Indexation of Pensions
Percentage increase
  • The above chart illustrates how the Consumer Price Index (CPI), Retail Price Index (RPI), and Average Earnings Index (AEI) have grown over the the last 17 years from 1994 to 2010. Also shown is the much faster growth of the Council Tax and Household Insurance costs both of which are excluded from the CPI but which together can amount to as much as 15% or more of a pensioner's income.
  • The Average Earnings Index is also included for comparison but note that from 2010 this has now been replaced by the Average Wages Index.
  • The rise in MPs' Salaries is also added for comparison.
  • If CPI indexation had been introduced in 1994 by 2010 a pension would have been 10.8 % lower than that for the RPI and 34.4% lower than that for the AEI.

Research by both by the Alliance Trust and, more recently, Age UK has questioned the suitability of current indices of inflation for use with retirement benefits, e g the Basic State Pension and occupational pensions. The studies show that:

  • Inflation rises with age - on average in the last two years the inflation rate of the oldest households run by the over-75s was 67% higher than that of the youngest households (under 30s).
  • In every month of the two years studied (2003 and 2004) homes run by people of retirement age (65+) faced higher inflation than those of working age.
  • The biggest difference between the oldest and youngest groups was in April 2004 when the inflation rate for homes run by over-75s was more than 136% higher than that for homes run by under-30s. The smallest difference between the two groups' inflation was 28% in March 2003.
  • The oldest households' average inflation was 36% higher than the average experienced by all households.

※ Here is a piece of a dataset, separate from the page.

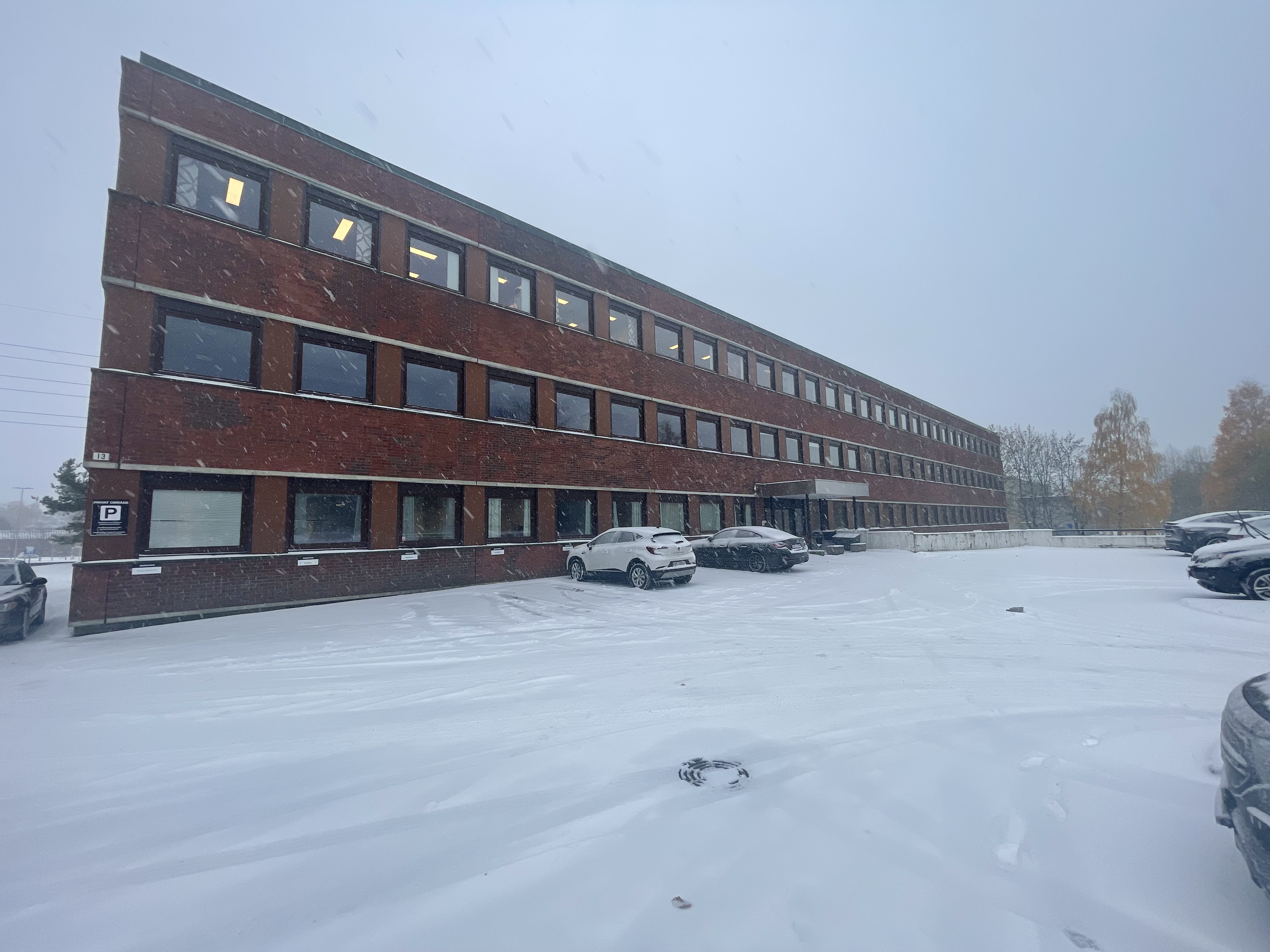 Kristoffer Robins vei 13 sett fra parkeringsplassen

However the Alliance Trust studies really understate rises in the cost of living for pensioners. The authors based their research on data from the Expenditure and Food Survey (EFS) and the Consumer Price Index (CPI) which both differ in many respects from the Retail Price Index (RPI). Although the "shopping basket of goods and services" for the CPI is very similar to that of the RPI, the CPI specifically excludes Council Tax expenditure, for example. The CPI is also designed to be lower than the RPI as its calculation is based on geometric means as opposed to arithmetic means. See: The difference between an arithmetic mean and a geometric mean. And why it matters.

Council Tax is of course a major item of expenditure for a great many pensioners. The average annual disposable income of households with 2 retired persons is about £14k which should be compared with that for all non-retired households (on which most of the RPI is based) of £29k. On average, Council Tax is about 6% of a retired household's disposable income compared with only 3% for the non-retired.

Clearly there is a case to be made for a more suitable index for inflation proofing of all pensions. In fact for some years now the Office for National Statistics (ONS) has published two versions of an RPI just for those pensioners who are largely dependent on benefits, one for one person and the other for two person households. Some items in the "shopping basket" for these, which are in the standard RPI, are excluded, e g, canteen meals (including state school meals) and all housing sections . The exclusion of workplace and school meals is obvious; the exclusion of the housing sections was made on the grounds that the price indicators used in the all items RPI "would not be appropriate and would overstate the price increases experienced by these pensioners as they would mostly be cushioned against some rises by rebates". The ONS says "it would be technically difficult to compile separate house price indicator items for these households". Whereas it might be justifiable to exclude mortgage interest payments because 69% of the retired households are owned outright it is difficult to see the case for excluding Council Tax and household insurance. Housing benefits concentrated at the lower levels of income only amount on average to about 4% of the disposable income.